Primary Sources

The U.S. prison system as a terrorist university; why the suburbs make you fat; the "happiness-maximizing" number of sex partners

"EU versus USA," Fredrik Bergström and Robert Gidehag, Timbro


CULTURE

Can't Buy Me Sex

Monogamy is the key to a thriving sex life, according to a National Bureau of Economic Research study aimed at quantifying the links among income, sex, and general happiness. Married people have considerably more sex than swinging singles and gay divorcees, and the "happiness-maximizing" number of sexual partners in a given year is almost exactly one. Rising wealth has no positive effect on the frequency of sex, and increased education actually has a slightly negative effect, particularly among men. (This is unfortunate news for the well-educated, since they are the group for whom sexual activity has the highest impact on happiness.) Strikingly, men consistently report more sexual activity than women do. Unless a disproportionate number of men in the sample population are gay or visit prostitutes, it "is not easy to see how this gender difference can be genuine," the authors write; they gently suggest that this discrepancy may be attributable to "exaggerated memories" among the male population.

"Money, Sex, and Happiness: An Empirical Study," David G. Blanchflower and Andrew J. Oswald, NBER


THE NATION

Go South, Young Man

Over the first two thirds of the twentieth century black Americans abandoned the South in droves, producing a "great migration" northward in search of manufacturing jobs and more social equality. Now a Brookings Institution analysis suggests that a reverse "great migration" seems to be picking up speed, driven by an improved economic and racial climate in the South and the strong cultural and familial connections that many blacks still feel with the region. According to Brookings, migration accounted for a net gain of more than 600,000 black residents in the South from 1975 to 2000, while the rest of the country lost black residents.
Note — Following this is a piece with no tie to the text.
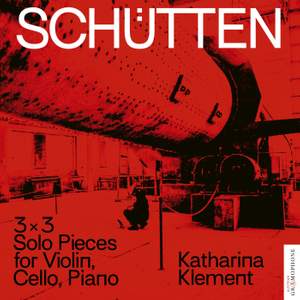 Katerina Klement: Solo Pieces For Violin, Cello & Piano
College-educated blacks are leading the way southward, and the biggest beneficiaries of the shifting migration patterns and attendant "brain gain" are booming "New South" cities such as Atlanta, Charlotte, and Memphis. But the trend extends across all the southern states except Arkansas, Louisiana, and Mississippi—and even in those states the outflow of blacks has slowed dramatically over the past decade. Meanwhile, cities in the Rust Belt and the Northeast, in particular, have been losing black residents for some time, and California's long reign as a "black migrant magnet" seems to have ended. From 1965 to 1970 and again from 1975 to 1980 California's net gain of black residents was greater than any other state's; in the last five years of the 1990s, however, its net loss of black residents was larger than that of any other state except New York.

"The New Great Migration: Black Americans' Return to the South, 1965—2000," William H. Frey, Brookings Institution

Sprawling Suburb, Hidden Belt Buckle

Forget McDonald's—it's the leafy avenues and spreading parking lots of suburbia that are to blame for America's obesity epidemic. According to an exhaustive new study examining the link between population density and health in 448 American counties, the residents of the country's more sprawling counties tend to be heavier and have more weight-related chronic illnesses—particularly high blood pressure—than the residents of more densely populated counties. The study relied on a U.S Census—based "Sprawl Index" that assigned the lowest numerical scores to the most sprawling counties (352 points for crowded New York County; 63 points for suburban Geauga County, outside Cleveland), and found that for every fifty-point increase in the degree of sprawl, the odds of a county resident's being obese rose by 10 percent. Cities encourage walking and physical fitness, the authors argue, whereas suburban homes are so far from friends, stores, and workplaces that even the most health-conscious residents are forced off the sidewalk and behind the wheel.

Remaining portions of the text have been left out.